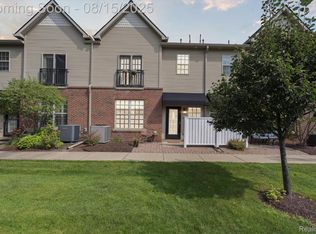 211 Madison St, Brighton, MI 48116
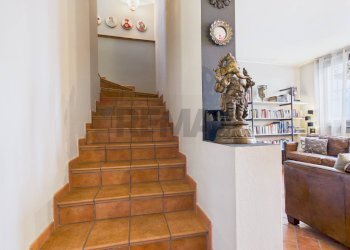 Scale - Semi-detached house località origioso
 
13/B, Vellezzo Bellini - photo 4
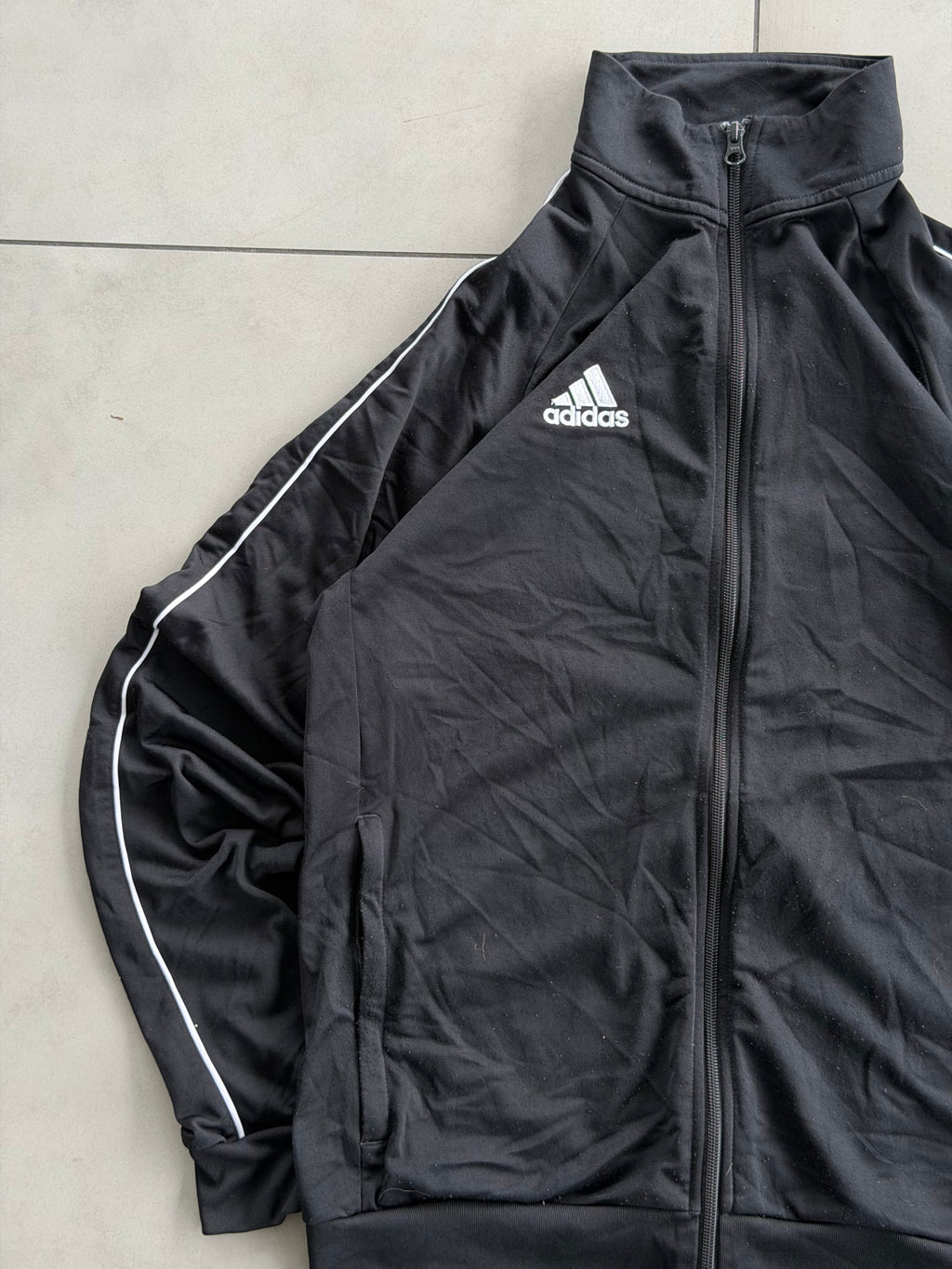 ADIDAS VTG STRIP JACKET- S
—————
Task goal
Return to the listing above and set it down exactly, leaving out its pictures.

Result for this task
 211 Madison St, Brighton, MI 48116
 Scale - Semi-detached house località origioso
 
13/B, Vellezzo Bellini - photo 4
 ADIDAS VTG STRIP JACKET- S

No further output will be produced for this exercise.